Reputation: 1986
I have two arrays:
int group_id[] = {1, 1, 2, 2, 2, 3, 3, 3};
int value[] = {1, 0, 3, 5, 0, 2, 1, 6};
From the second array, I need to return the largest value within the group_id
index (not including the current index position), the result (in a new array) would be:
{0, 1, 5, 3, 5, 6, 6, 2}
The arrays are a lot longer (~10 millions), so looking for an efficient solution.
Clarification:
The first two elements of value
belong to group_id
= 1, the first element will return 0 as the highest value as it can't return its self.

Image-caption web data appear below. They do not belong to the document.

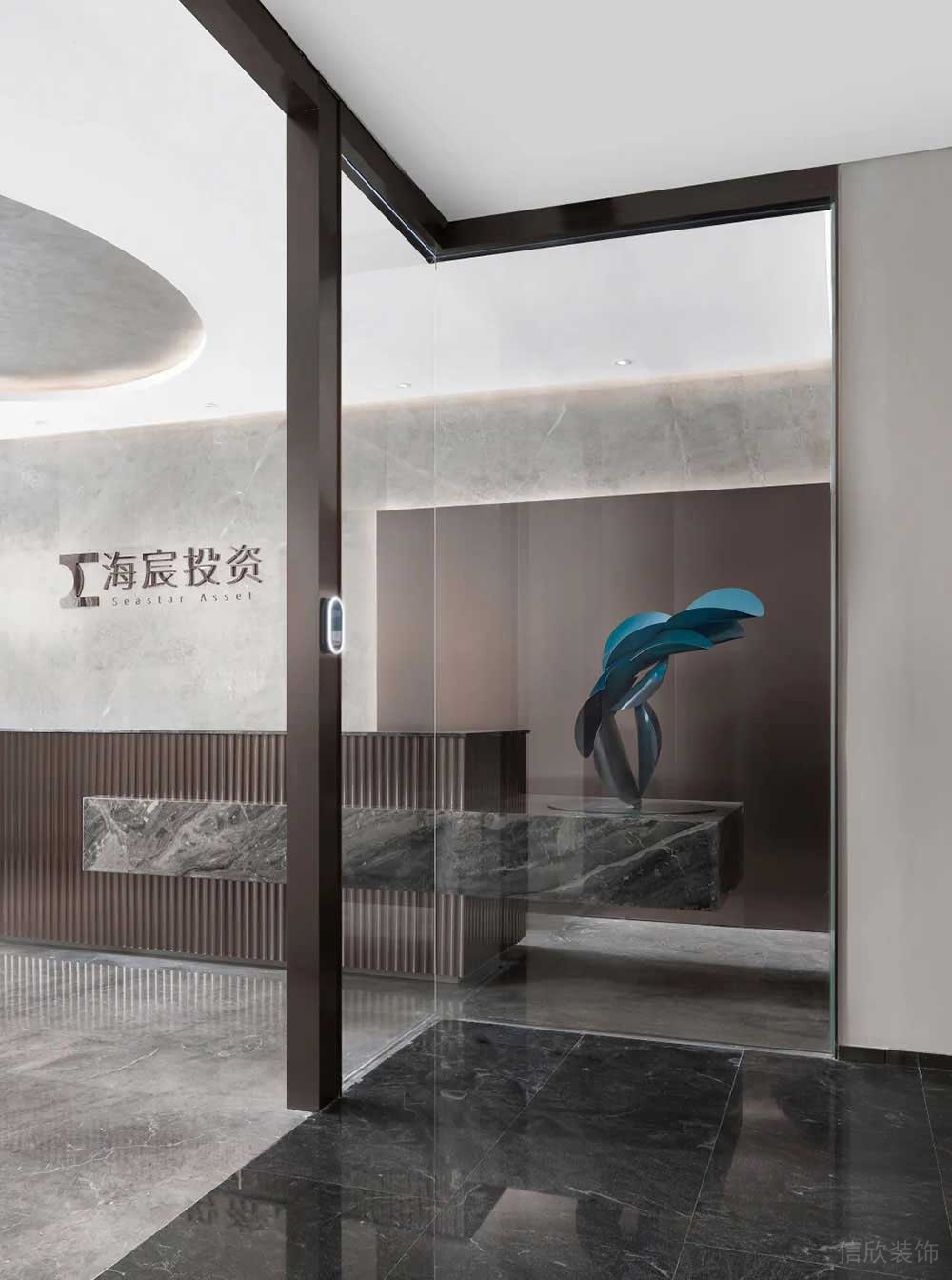 現(xiàn)代風(fēng)格辦公場(chǎng)所案例門廊空間設(shè)計(jì)裝修圖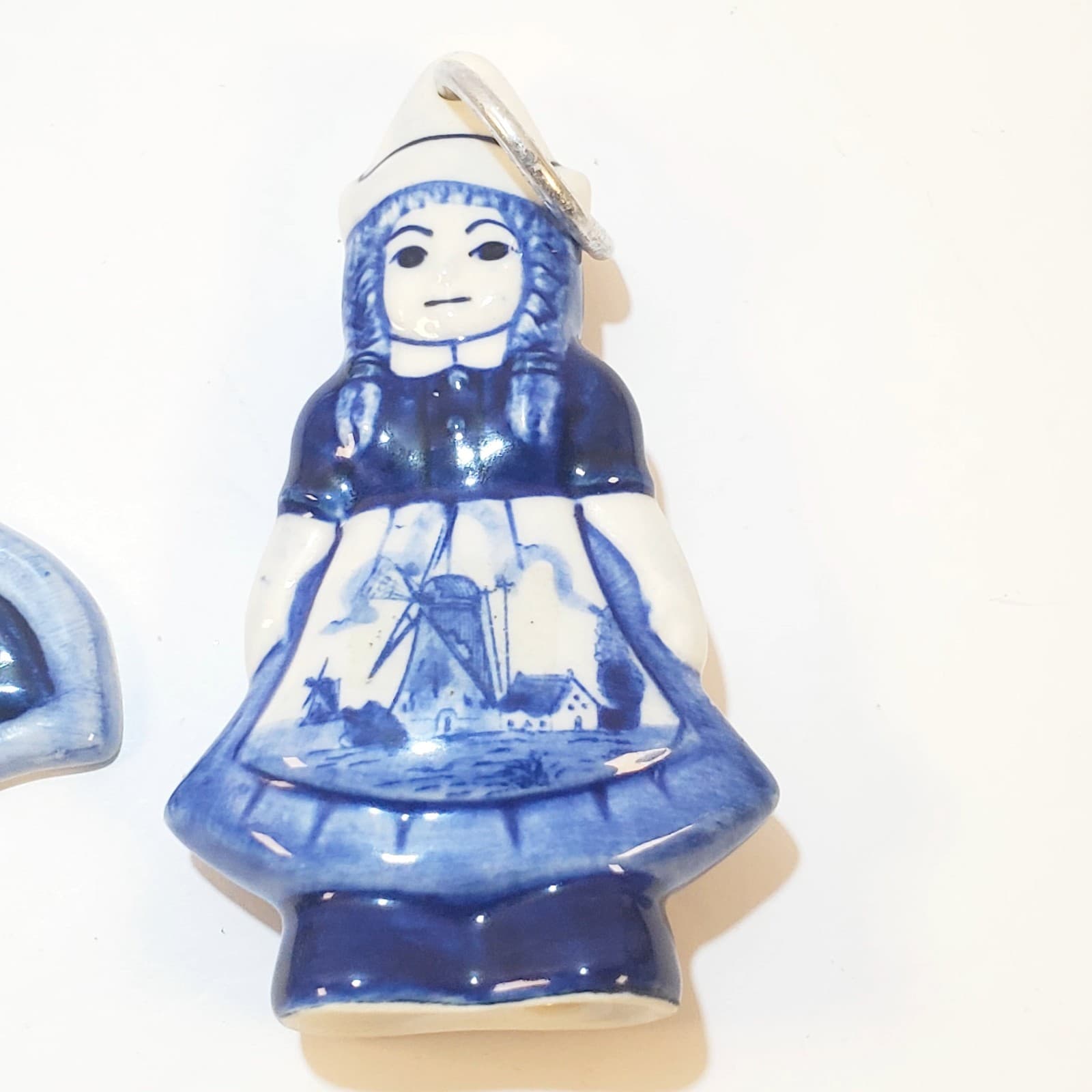 2 Delft Blue and White Holland Ceramic Christmas Tree Ornaments Holly Dutch Girl - Thumbnail 4
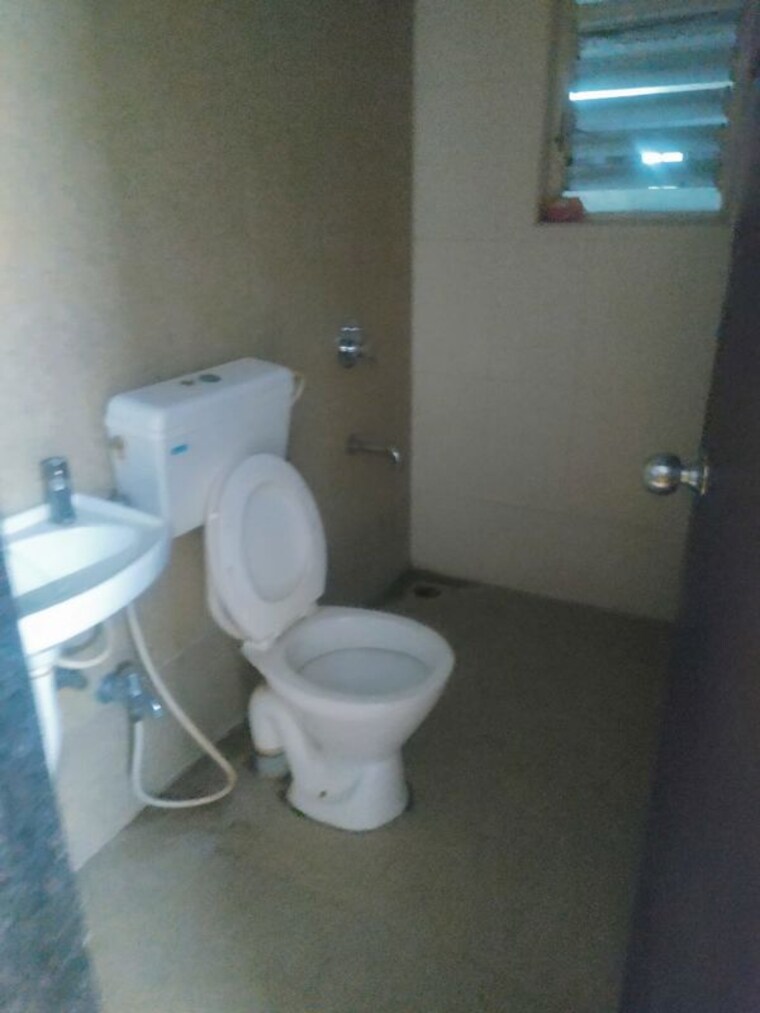 Bathroom, mantra-insignia 2 Bedroom 893 Sq.Ft. Apartment In Mundhwa Pune 9752697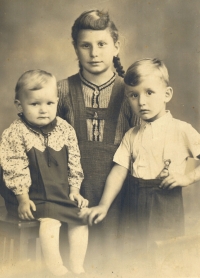 Marie, Anna a František Štroblovi (1943), foto, které měl u sebe Franz Strobl během služby u wehrmachtu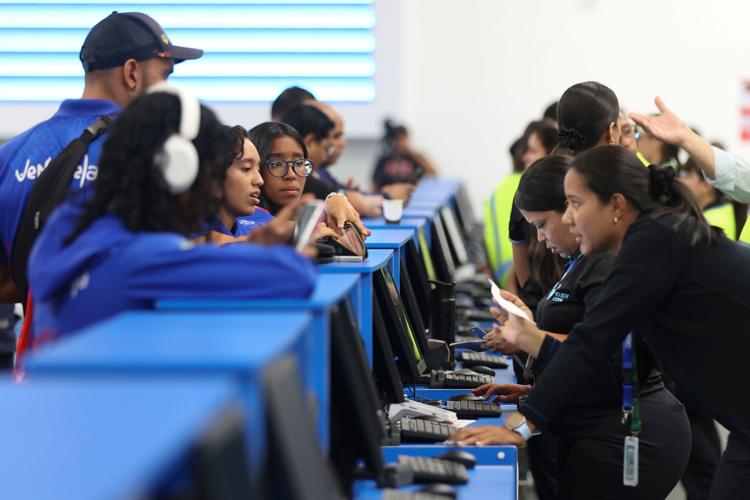 Venezuela Airport Reopens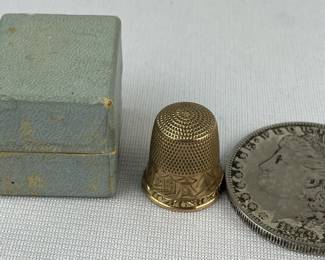 Antique 10K Gold Engraved Sewing Thimble w/ Box
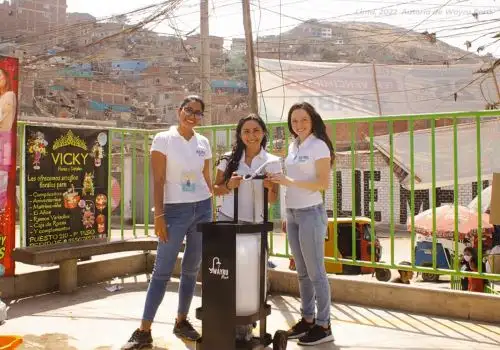 El dispositivo está compuesto por una estructura  metálica que tiene conexiones a un bidón de 55 litros, a una manguera y un cabezal de ducha por donde sale el agua. Foto: Wayru Perú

The second element will will return 1 as it's the largest value in group_id
1.
the third, fourth and fifth elements (3, 5, 0) belong to group_id
2, the first will return 5, the second 3 (as it can't return its own index and the third will return 5).
It isn't clear that all the elements in group_id with the same number are adjacent (but that is crucial for efficiency).
Good point, you can assume they are all adjacent.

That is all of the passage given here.